For the 2016 competition, NSF received close to 17,000 applications and made 2,000 award offers. The fellowship, which has been directly supporting graduate students in STEM fields since 1952, provides a three-year annual stipend of $34,000, plus $12,000 for tuition and fees, and myriad opportunities for international research and professional development.
Anne Marie Lausier
Anne Marie Lausier is a continuing fellow and Ph.D. student in civil and environmental engineering. Her research focuses on the inclusion of stakeholder equity considerations in water management and decision-making. She is analyzing case studies of the Integrated Water Resources Management framework and identifying features that contribute to or detract from achieving an environmental stewardship approach. She also is conducting a regional study assessing the current formalized policy and decision processes around water use at the state level. Her goal is to facilitate the movement of water policy closer to sustainability in a changing environment. Lausier was awarded an NSF graduate fellowship in 2014. Before attending UMaine, she received a bachelor’s degree from The George Washington University, with a double major in geography and environmental studies.
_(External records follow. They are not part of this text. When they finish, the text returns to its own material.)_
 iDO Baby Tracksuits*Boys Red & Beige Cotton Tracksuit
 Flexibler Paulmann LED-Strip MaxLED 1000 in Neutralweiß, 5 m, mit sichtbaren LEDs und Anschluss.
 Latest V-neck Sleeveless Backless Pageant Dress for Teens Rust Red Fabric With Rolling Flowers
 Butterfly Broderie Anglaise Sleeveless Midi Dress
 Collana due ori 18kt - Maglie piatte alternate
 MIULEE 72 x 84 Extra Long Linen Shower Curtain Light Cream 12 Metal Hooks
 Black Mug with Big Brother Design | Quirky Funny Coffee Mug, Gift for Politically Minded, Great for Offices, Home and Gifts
William Kochtitzky is a first-time fellow and master’s student in the School of Earth and Climate Sciences. His undergraduate thesis focused on the volcanic and glacial evolution of the Nevado Coropuna Ice Cap, which sits atop a dormant volcano in the southern Peruvian Andes. The ice cap provides water resources to surrounding communities for drinking water, electricity and agricultural production. His project, in collaboration with the Peruvian Volcano Observatory, is changing regional hazard assessment and resource water planning in southern Peru. Kochtitzky received his bachelor’s degree in Earth sciences from Dickinson College in May 2016.
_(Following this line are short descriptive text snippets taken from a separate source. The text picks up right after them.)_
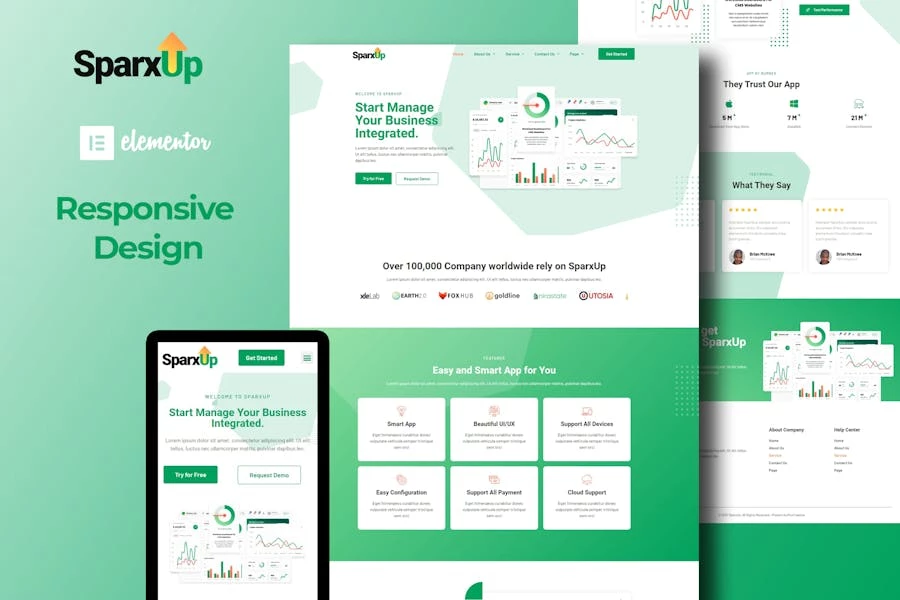SparxUp - Kit de plantillas Elementor para Saas y Startup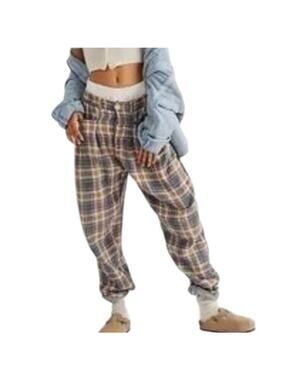 Free People + CP Shades Lourdes Grey, Orange, and Brown Plaid Button Up Pants M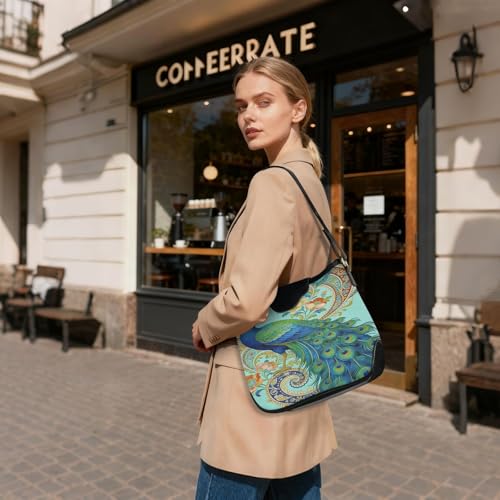 Bolso de mano moderno para mujer con estampado pavo real miniatura 7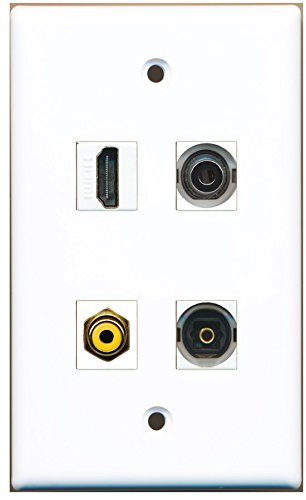 RiteAV - 1 Port HDMI 1 Port RCA Yellow 1 Port Toslink 1 Port 3.5mm Wall Plate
Kit Hamley is a first-time fellow. For her master’s thesis in the Climate Change Institute, she investigated the origins of an extinct canid — the warrah — that was endemic to the Falkland Islands. Using an interdisciplinary approach that combines the fields of archaeology, paleoecology and paleontology, she worked to determine if pre-European humans introduced the foxes to the islands. She also is interested in the effect of the introduction and eradication of a top predator on the remote island ecosystem. Hamley hopes this study will help respond to questions in conservation and management on islands, such as biological invasions, disturbance regimes and natural variability. She is particularly interested in the role humans play in these interactions. Hamley helped develop the 4-H Follow a Researcher™ program at UMaine, which connects K–12 students with active graduate research. She has continued her research at UMaine this fall as a Ph.D. student in the Ecology and Environmental Sciences Program. She received a bachelor’s degree in geology from Bowdoin College in 2010.
Karen Stamieszkin was awarded an NSF Graduate Research Fellowship in 2012 and received her Ph.D. in August 2016. Her research explores zooplankton fecal pellet carbon export in the ocean, particularly the portion of fecal material produced by organisms living near the ocean surface. By applying the models to data sets that span the North Atlantic Ocean for more than 55 years, she explored how changing plankton communities and oceanographic conditions can change the export of fecal pellet carbon from the surface of the ocean to deeper depths where it can be stored. Her experiments show that feeding by zooplankton and subsequent fecal pellet production shift the mean size of particles in the water to larger sizes. Since larger particles generally sink faster than smaller particles in the ocean, the process of feeding and defecating is a mechanism through which zooplankton can increase the potential for carbon export. She received her master’s in environmental science and her bachelor’s in environmental studies from Yale University.
Anna McGinn is a first-time fellow and master’s student in the Climate Change Institute, and the School of Policy and International Affairs. In her research, McGinn is evaluating existing climate change adaptation projects in developing countries to understand potential co-benefits and/or negative impacts that projects might have on the communities in which they are implemented. She also will look at how these projects are funded to see what role these mechanisms play in facilitating sustainable adaptation projects. McGinn plans to travel to observe each adaptation project case study location to look at current initiatives and how they may impact the surrounding community. McGinn received her bachelor’s degree in environmental studies from Dickinson College in 2014, where she focused on climate change governance, climate vulnerability and environmental justice.